Is First Solar seeing growing market demand for your thin film PV modules because of their low embodied carbon? What other sustainability issues are customers asking about?
Our solar modules are very competitive and supports the utility scale solar fleet in markets like the US, France, and India, where we have several gigawatts installed. France is the only one of those countries that has integrated carbon footprint criteria into the tender process and our technology accounts for about 10 percent of the country’s installed capacity.
But even in markets without these regulatory requirements, we see customers driving demand for responsible solar. Corporate renewable energy buyers in particular are increasingly looking to go "Beyond the Megawatt" of renewables that they are purchasing to ensure their projects are as environmentally and socially responsible as possible.
Recycling and contributing to the circular economy, for example, is something that customers like General Motors care about. Some forward-thinking utilities have also started incorporating life cycle greenhouse gas emissions in their integrated resource plans, which take the embodied carbon of different energy technologies into account.
More recently, we have seen customers including questions on forced labor and supply chain transparency in their RFPs due to allegations of forced labor in the solar supply chain in Xinjiang, China. Not only does this issue risk undermining the industry’s social license but it also highlights the danger of over-relying on China for solar panels and solar panel components. We believe solar should never come at the price of people or the planet.
First Solar has signed a number of deals with corporate power buyers, including GM, in recent times. As electrification picks up pace, what role do you see for Ultra Low-Carbon Solar in powering transportation?
That’s correct - we signed a number of deals with corporate buyers last year including General Motors, Microsoft, Verizon, and Dow, each of whom had a strong appreciation for our sustainability advantage.
As one of the largest contributors of greenhouse gas emissions in the U.S., electrifying the transportation sector not only has the opportunity to significantly reduce air pollution but is critical to decarbonizing the economy.
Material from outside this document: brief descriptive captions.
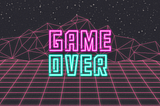 80s Game Over in sign in neon.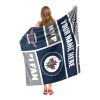 [Personalization Only] OFFICIAL NHL Colorblock Personalized Silk Touch Sherpa Throw Blanket - Winnipeg Jets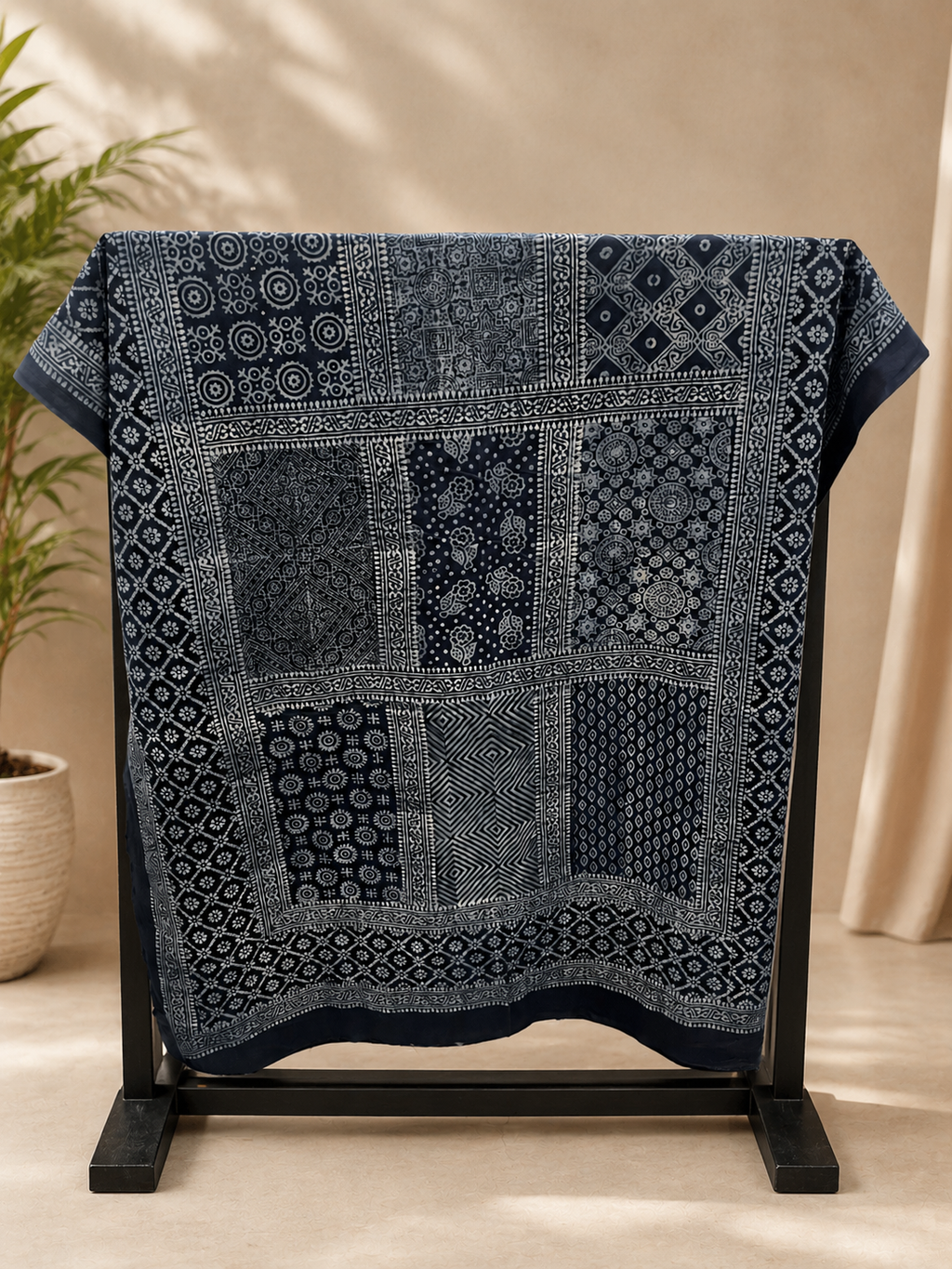 Ciyaab Hand Block Print Lawn Chaadar in Navy Blue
Powering electric vehicles with Ultra Low-Carbon Solar is a no-brainer. It's also important to note that there’s a tremendous amount of potential for Ultra Low-Carbon Solar to power the new alternatives, such as green hydrogen.
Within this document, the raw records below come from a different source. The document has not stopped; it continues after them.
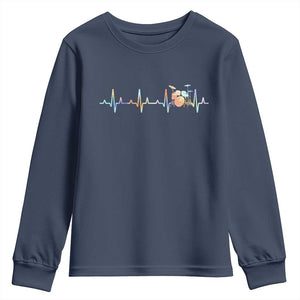 Drums Heartbeat Youth Sweatshirt Drummer Percussionist Silhouette TS10 Navy Print Your Wear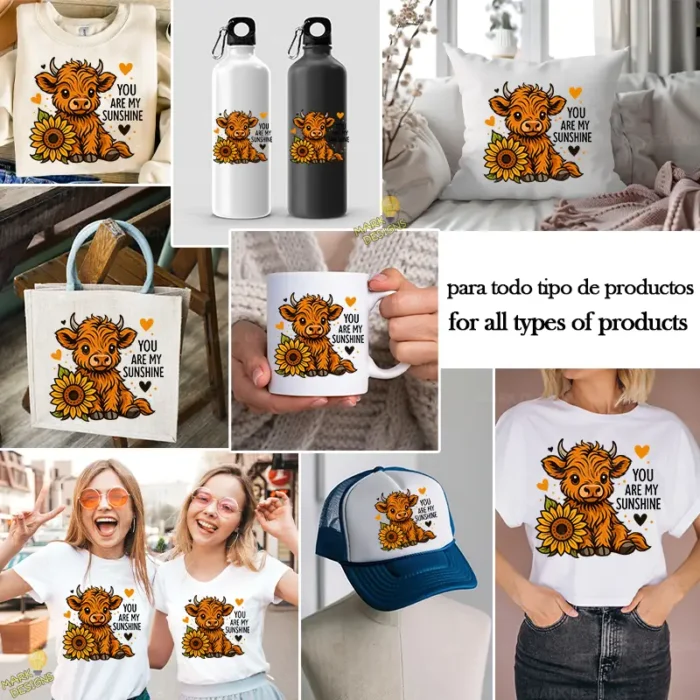 Vector Vaca Escocesa Gratis - Ilustración Kawaii para Sublimación y Cricut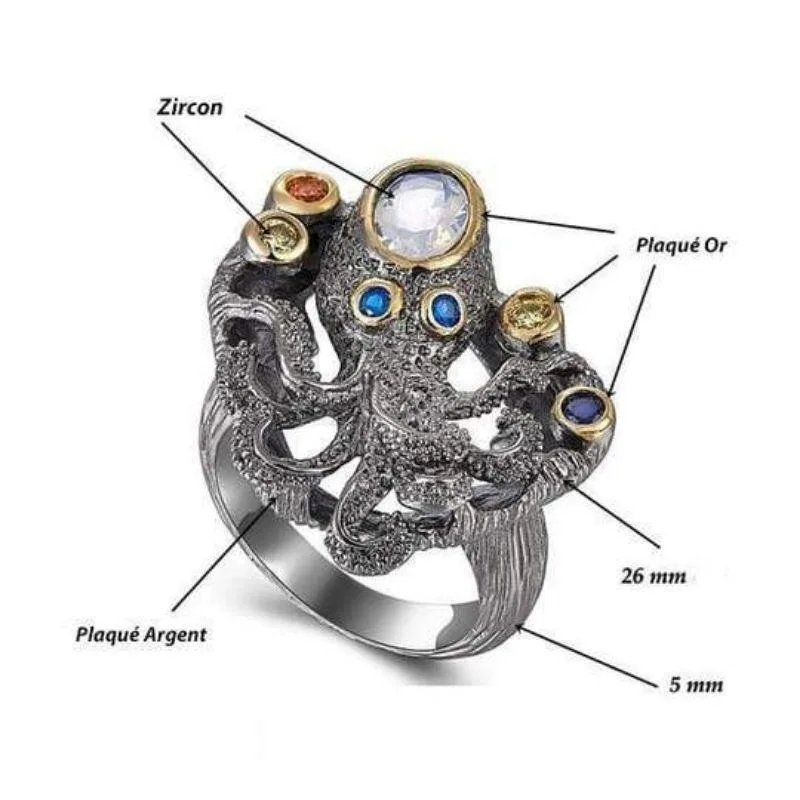 Vue 3 — Bague Steampunk Pieuvre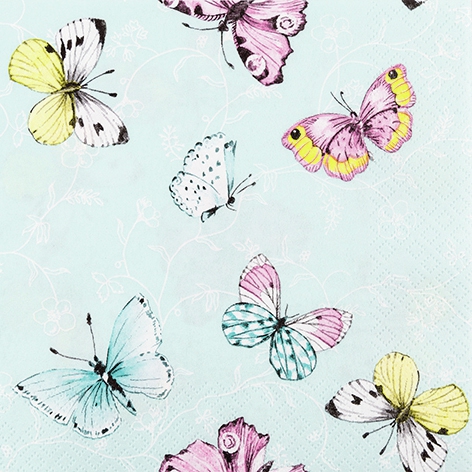 Napkins 33x33 cm - Sweet Papillons, butterflies, animals Napkins 33x33 cm - Sweet Papillons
If we are serious about getting to Net Zero, we have to ensure that solar electricity, whether it powers EVs or electrolyzers, has the lowest embodied carbon and is not indirectly powered by coal.
Is there anything that you would like to see change in the solar industry in the next decade?
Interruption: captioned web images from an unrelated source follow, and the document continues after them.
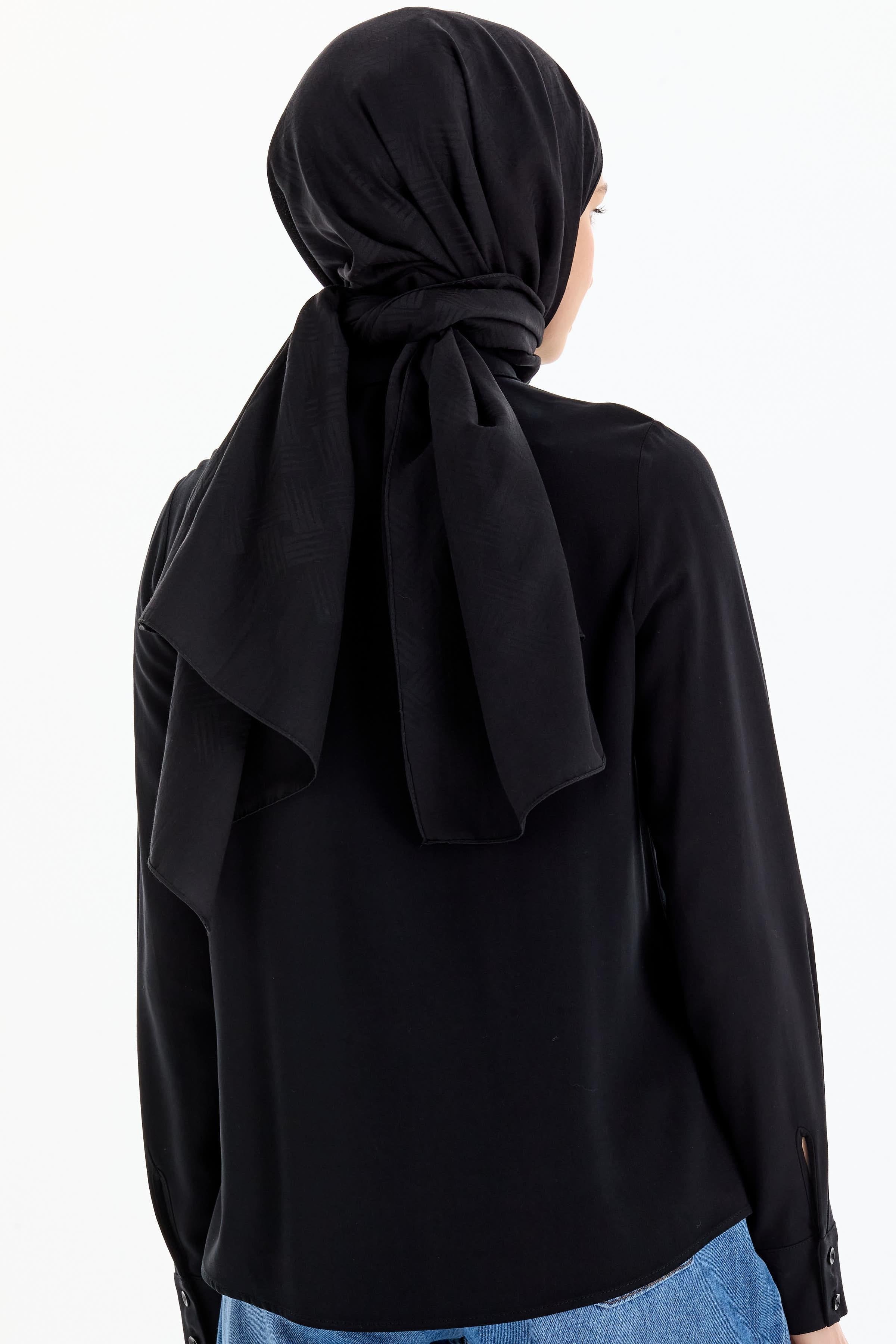 Cep Detaylı Viskon Gömlek - Siyah TUGBA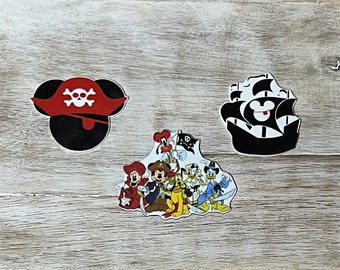Complete set piraat Mickey Mouse en vrienden Flat Back Planar Resin | Haarboogcentrum, sleutelhanger, plakboekversiering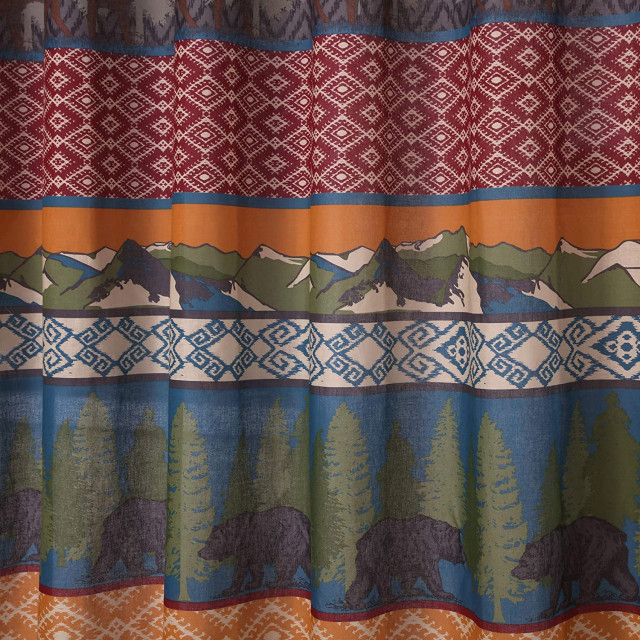 Greenland Black Bear Lodge Shower Curtain Bath Rustic Shower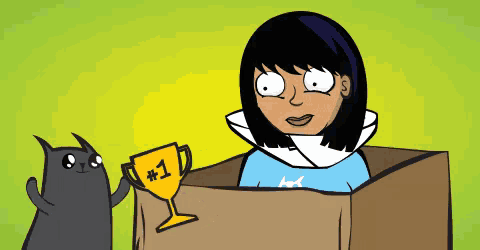 a cartoon of a woman in a box holding a trophy with # 1 on it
Solar is the fastest growing new energy resource on the basis of its economic competitiveness, and analysts expect it to generate the majority of global power by 2050. This energy transition will drive extensive new manufacturing and infrastructure build-out, creating good, new-economy jobs, while delivering cleaner, more cost-effective energy. Yet today, some solar has a 2.5x higher embodied carbon footprint than others.
Most end-of-life recycling protocols don’t recover high value materials. And most appallingly, some solar production has been tied to forced labor. We’re at an inflection point on the scale-up and have an opportunity to do this energy transition the right way.
Responsible solar doesn’t cost more, but it does need regulators and energy buyers to ask for it. So I’d like to see regulators and energy end buyers, both utilities and corporate, push the industry in a responsible, ethical direction, realizing the full promise of the energy transition in front of us.